However, in rural communities, owing to the dispersed population, active transportation is less likely an option. As a result, increasing access to programming in multiple locations spread throughout rural communities (e.g., churches, senior centers, school buildings), developing or updating shared-use policies, and enhancing existing recreational facilities to meet older adults’ needs might reach a larger percentage of this group than built environment changes.[35] In addition, many rural communities may not have an adequate tax base to make extensive built environment changes such as widening shoulders; thus, starting with smaller changes, such as repainting crosswalks or adding pedestrian signs, might be more feasible.[35] Parks and recreation areas are another aspect of the environment that supports PA. Evidence suggests that creating and maintaining walking trails, biking trails, and sport fields and offering organized PA programming within parks can promote physical activity.[44]

As mentioned, safety is a major environmental barrier to PA within the older adult population. Environmental changes can reduce these concerns. For instance, adequate lighting could reduce fear of crime and personal safety concerns, and well-maintained walking paths could reduce the risk of falling. While environmental change is not without costs, studies have shown that building pedestrian trails reduces health care costs associated with physical inactivity. For example, every dollar invested in building trails saves nearly $3 in medical costs.[45] Also, linking different parts of the community with trails and walkways opens up the opportunity for community integration, more efficient land use, less traffic congestion, a better quality of life, and increased property values.[46] 

The mission of the US public health workforce encompasses PA promotion because it is a key strategy in preventing and controlling chronic disease. Therefore, training of the public health workforce needs to include creation of messaging aimed at promoting PA; implementation and evaluation of evidence-based programming, with attention to the diversity of environments (e.g., geography, resource base) and the racial, ethnic, and linguistic diversity of older adults; advocacy for environmental policies; and use of surveillance data (e.g., data from the National Health and Nutrition Examination Survey and the Behavioral Risk Factor Surveillance System) to monitor progress toward promoting PA.[47] Public health practitioners are in a key position to implement evidence-based programming, advocate for environmental changes aimed at older adults, and monitor progress toward increasing PA levels in this group. There is evidence to support the effectiveness of brief counseling by health care providers[48] and the use of exercise prescriptions[49] to promote PA among older adults. However, barriers to promoting PA frequently reported by health care providers include lack of training on counseling approaches, lack of education on PA recommendations, and lack of support, time, and resources.[48]

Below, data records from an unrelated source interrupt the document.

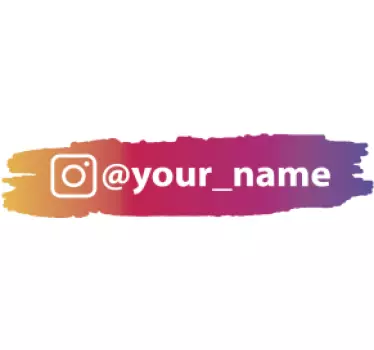 Personalised paint stroke Instagram sign sticker - TenStickers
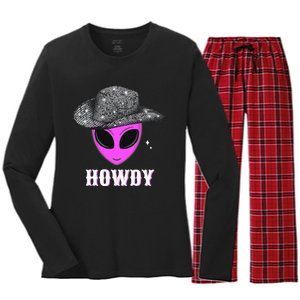 Cool Cowboy Hat Alien Howdy Space Western Disco Theme Women's Long Sleeve Flannel Pajama Set 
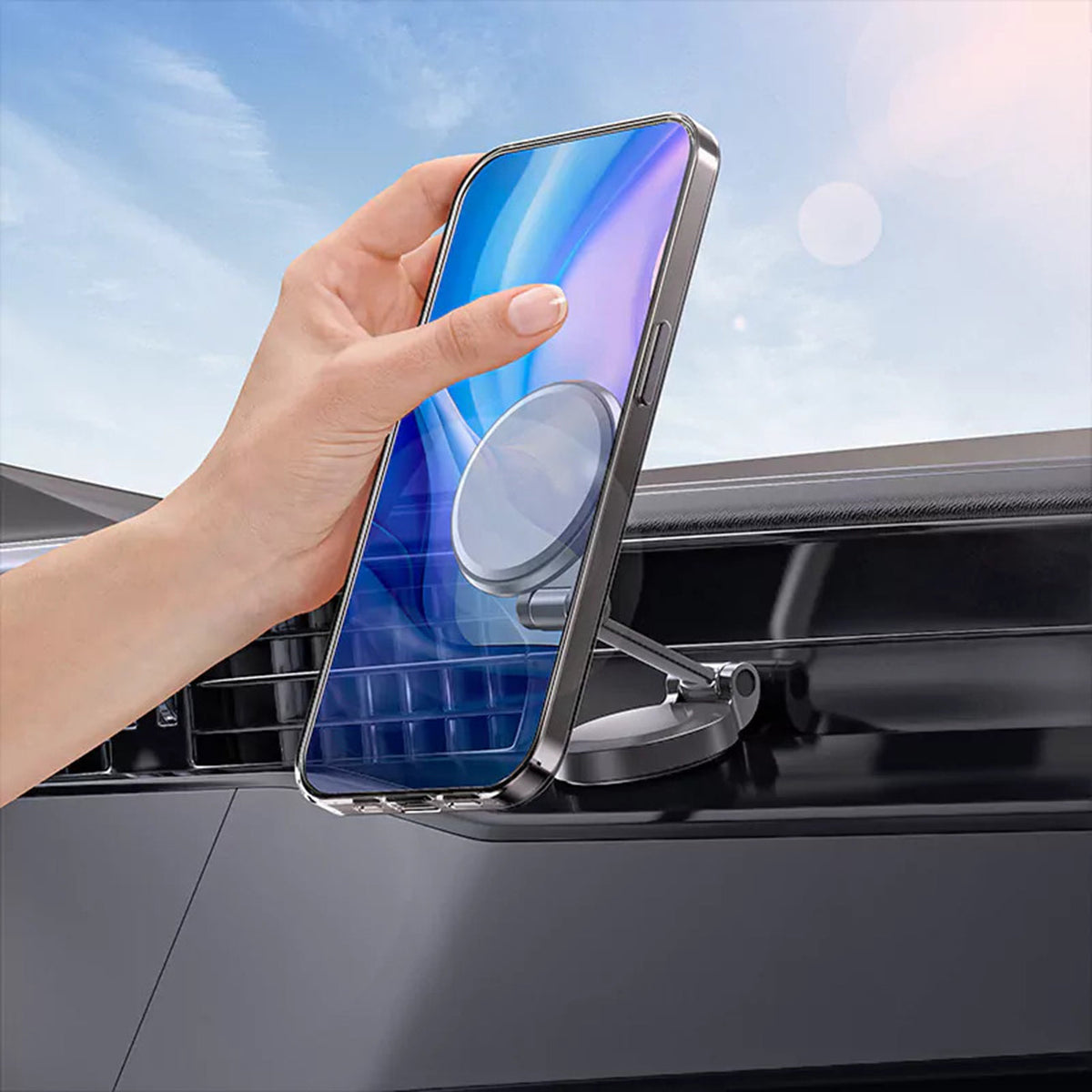360???? rotating magnetic holder for car with a sticky base SKU: HLD-VDHD040BK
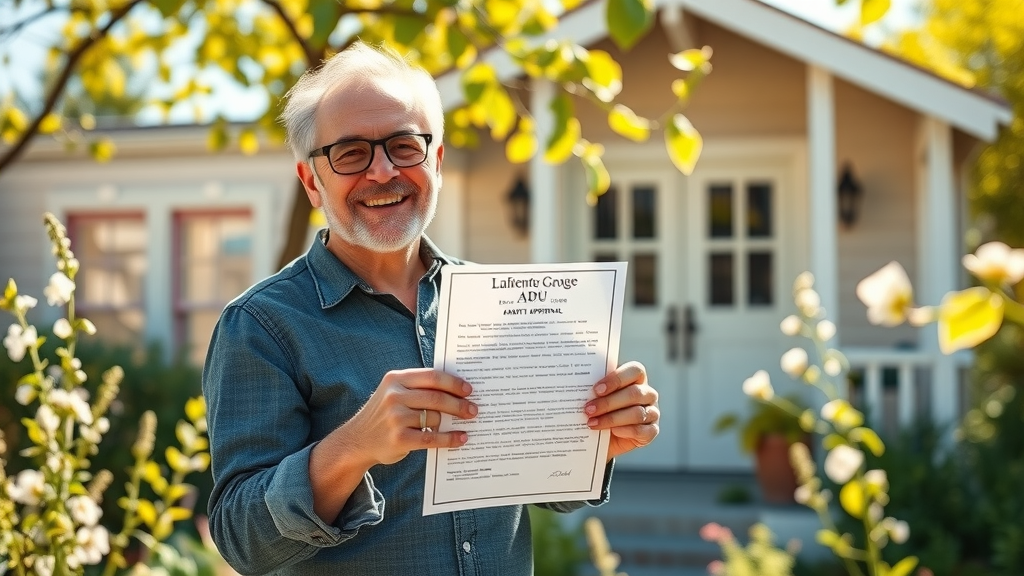 joyful Lafayette homeowner celebrating ADU grant approval, holding letter in sunlit garden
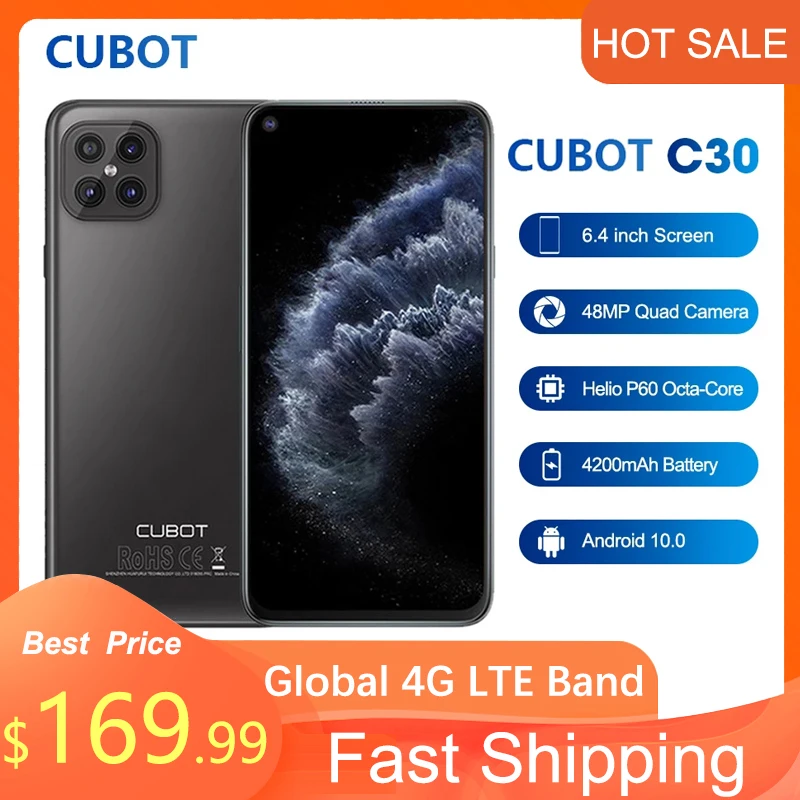 Смартфон Cubot C30 8 ГБ 4G LTE 128/256 32 МП 48MP Quad Camera для селфи Helio P60 NFC 6 4 дюйма FHD + 4200 мАч Android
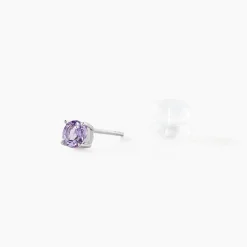 Boucles D'oreilles Puces Elea Serti Griffes 3 Or Blanc Amethyste-Histoire d'Or Clearance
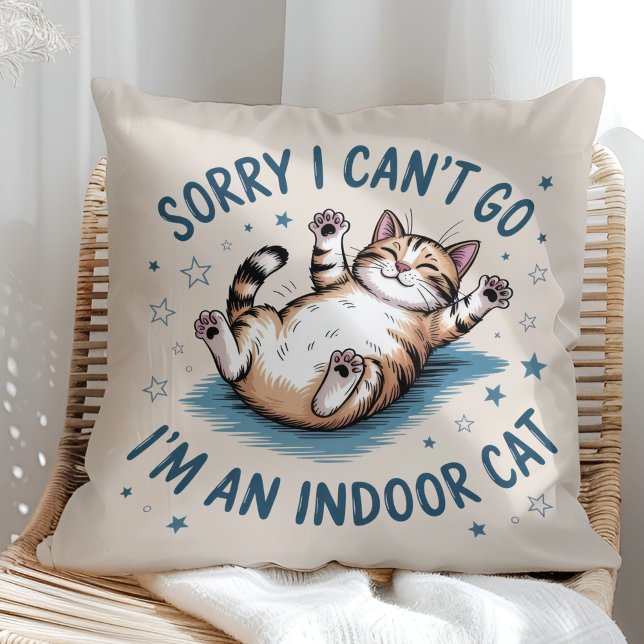 "Sorry I Can't Go, I'm an Indoor Cat" Funny Throw Pillow ("Sorry I Can't Go, I'm an Indoor Cat" Funny Throw Pillow in a sunny boho neutral rattan chair)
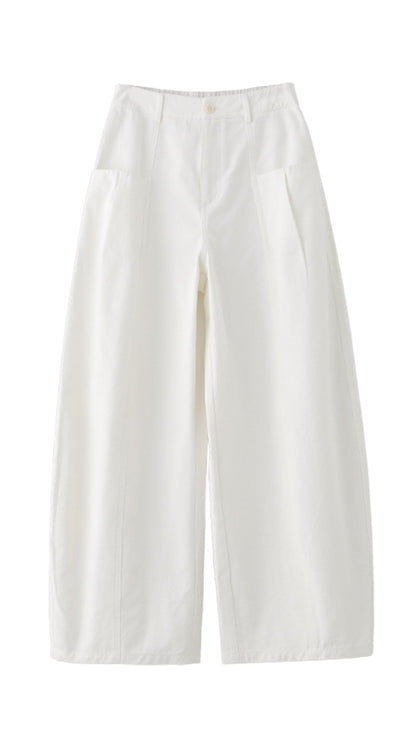 High-end Cotton Minimal Straight Pants B4726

Promoting PA among older adults can improve quality of life, extend life expectancy, and reduce health care costs.[11,13,50] Reducing the prevalence of physical inactivity by 25% worldwide could decrease the annual number of deaths by 1.3 million.[11] It is estimated that PA can increase life expectancy by 0.4 to 6.9 years.[11,51] Higher levels of PA have also been associated with lower health care costs among older adults. One study showed that older adults who were active one to three days a week had 8%–20% lower health care costs than sedentary older adults, and costs among those who were active at least four days were an additional 8%–11% lower.[50] In addition, a recent report revealed that for every dollar spent on evidence-based community health promotion programs, including physical activity promotion, the country could receive a return of $5.60 per year; in other words, an investment of $10 per person could save $16 billion annually, and this return on investment could be realized within just five years.[52] Thus, the recommendations we are proposing could have substantial health and economic benefits.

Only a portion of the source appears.